**WHAT YOU SHOULD DO:** Return the line that has "Image of carefree" and all lines below it through the last, exactly as they stand; omit pictures.

**EXERCISE DATA:**
Content starts
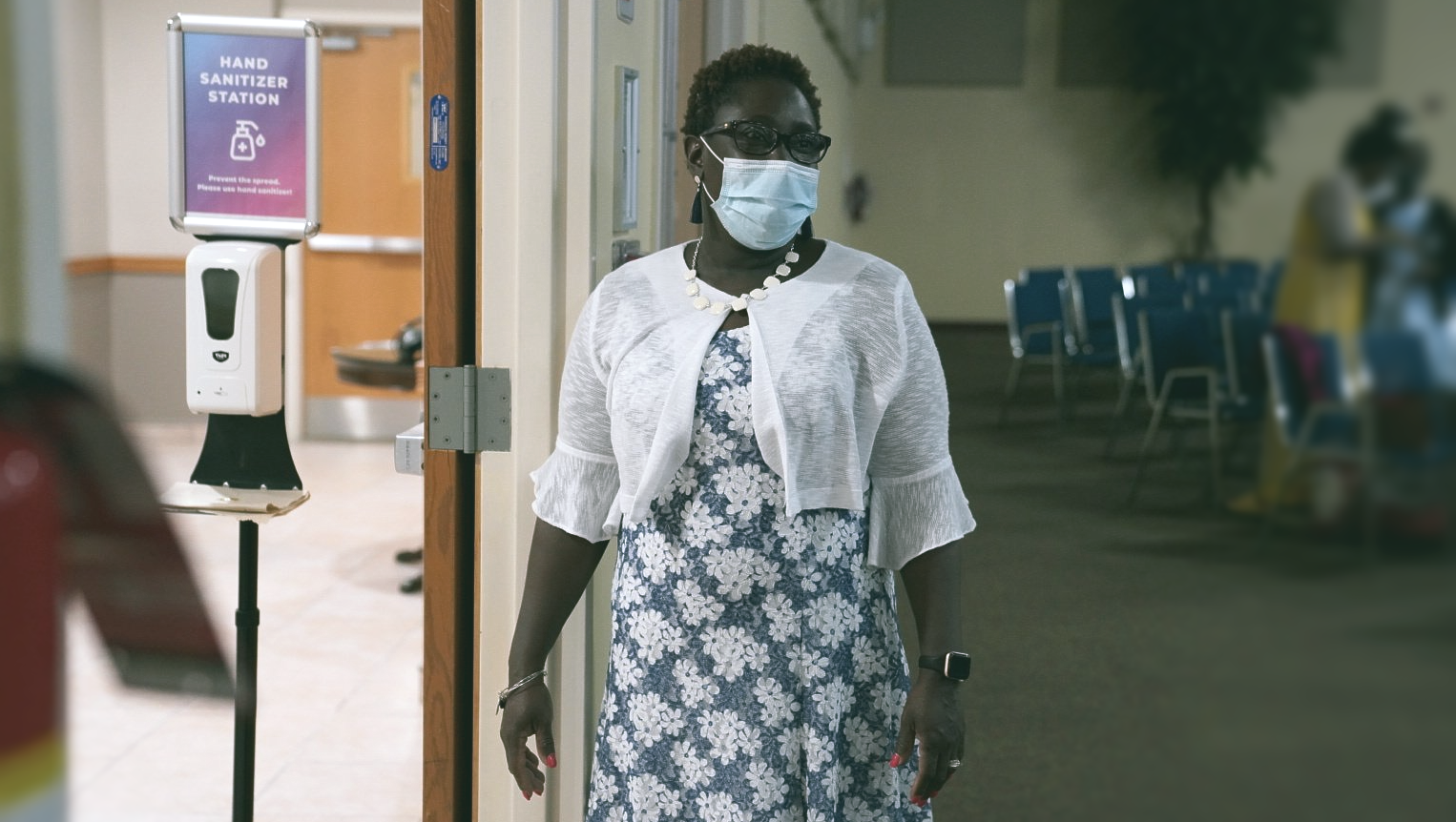 A woman wearing a mask is walking through a doorway.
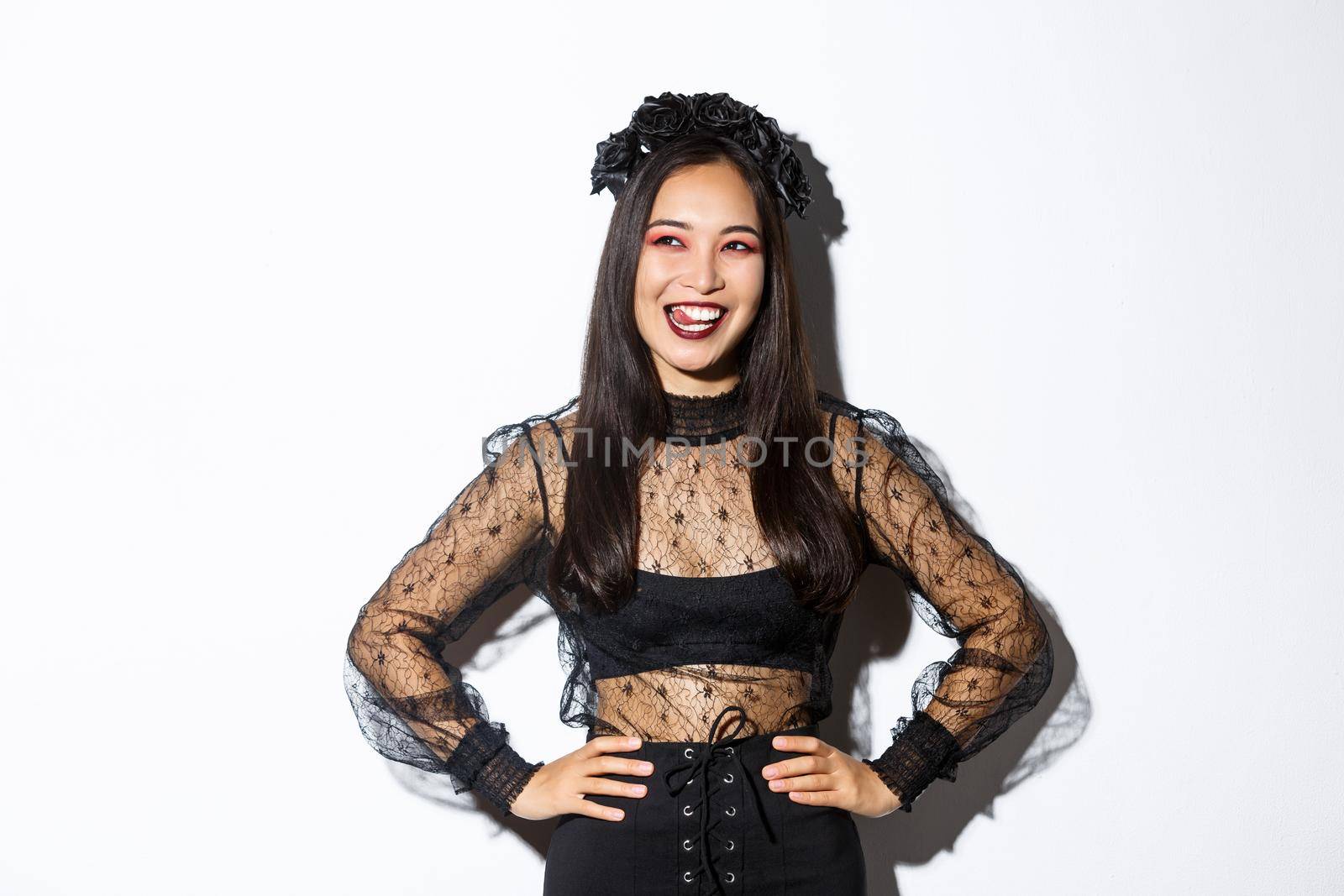 Image of carefree smiling asian woman in gothic dress and black wreath looking thoughtful at upper left corner, licking lips from desire or temptation, standing over white background by Benzoix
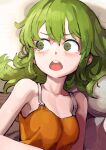  1girl :o bare_shoulders blush breasts camisole collarbone commentary constricted_pupils embarrassed eyelashes green_eyes green_hair hair_between_eyes highres igarashi_futaba jun_(navigavi) lying medium_hair nose_shade on_bed on_side orange_camisole petite pillow senpai_ga_uzai_kouhai_no_hanashi small_breasts solo surprised teeth upper_body upper_teeth_only v-shaped_eyebrows 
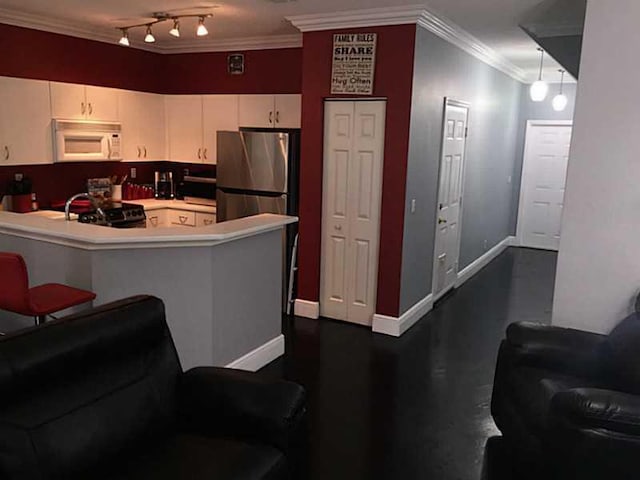 kitchen with white microwave, a peninsula, white cabinets, light countertops, and freestanding refrigerator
Content ends
**RESPONSE AREA:**
 Image of carefree smiling asian woman in gothic dress and black wreath looking thoughtful at upper left corner, licking lips from desire or temptation, standing over white background by Benzoix
  1girl :o bare_shoulders blush breasts camisole collarbone commentary constricted_pupils embarrassed eyelashes green_eyes green_hair hair_between_eyes highres igarashi_futaba jun_(navigavi) lying medium_hair nose_shade on_bed on_side orange_camisole petite pillow senpai_ga_uzai_kouhai_no_hanashi small_breasts solo surprised teeth upper_body upper_teeth_only v-shaped_eyebrows 
 kitchen with white microwave, a peninsula, white cabinets, light countertops, and freestanding refrigerator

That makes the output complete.